Obama's tax proposal not "playing to base"

In the last couple weeks, President Obama has advocated plans to pay for his jobs bill and to pay down the deficit by raising taxes on the rich. Many in the media have interpreted this to be Obama "playing to his base". The New York Times' David Brooks laments that Obama's proposal will "fire up liberals but are designed to enrage moderates and conservatives." The theory goes that Progressives are upset over not getting as much as they wanted during Obama's administration, and he's trying to make them happy by waging class warfare, moderates be damned.
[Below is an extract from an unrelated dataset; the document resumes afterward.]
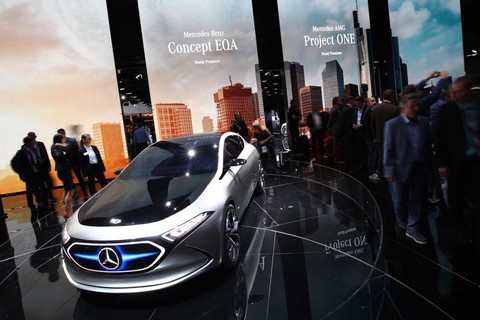 Những chiếc xe hơi hấp dẫn nhất Frankfurt Motor Show (Phần 1) - Ảnh 6. Những chiếc xe hơi hấp dẫn nhất Frankfurt Motor Show (Phần 1) - Ảnh 6.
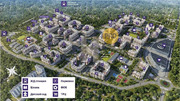 Пушкино, 1-но комнатная квартира, Новая Деревня мкр. д., 5400000 руб.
It would seem that raising taxes on the wealthy is the sort of thing that would only appeal to pinko-liberal commies like me, and that by advocating tax increases for the rich, Obama is abandoning his long record of compromise and seeking the center (working with Republicans to cut spending, pushing for "grand bargain" with Boehner, not advocating a public option, agreeing to extend Bush's tax cuts, etc).

However, this is clearly not the case, based on recent polling (New York Times (.pdf), Washington Post, NBC/Wall Street Journal (.pdf), Gallup). Depending on how the question is asked, between 54% and 80% of moderates and independents favor these tax increases.

Obama's electoral strategy, as previously discussed, will likely depend on portraying himself as the "adult in the room" trying to govern the nation while Republicans refuse to compromise. Republicans would be helped by stories of Obama playing to his base. But the numbers show that's not what he's doing.

2 comments:

Anonymous said...

Why does being a play for moderates prohibit it from also being a play to his base?

PoliticalDoctor said...

The articles from The Hill and David Brooks state that Obama's plan would not be attractive to moderates, which is just not true. If something is overwhelmingly popular with everyone who's not a fairly-hardcore conservative, it doesn't make sense to say, as the articles do, that he's abandoning the middle and going hard left.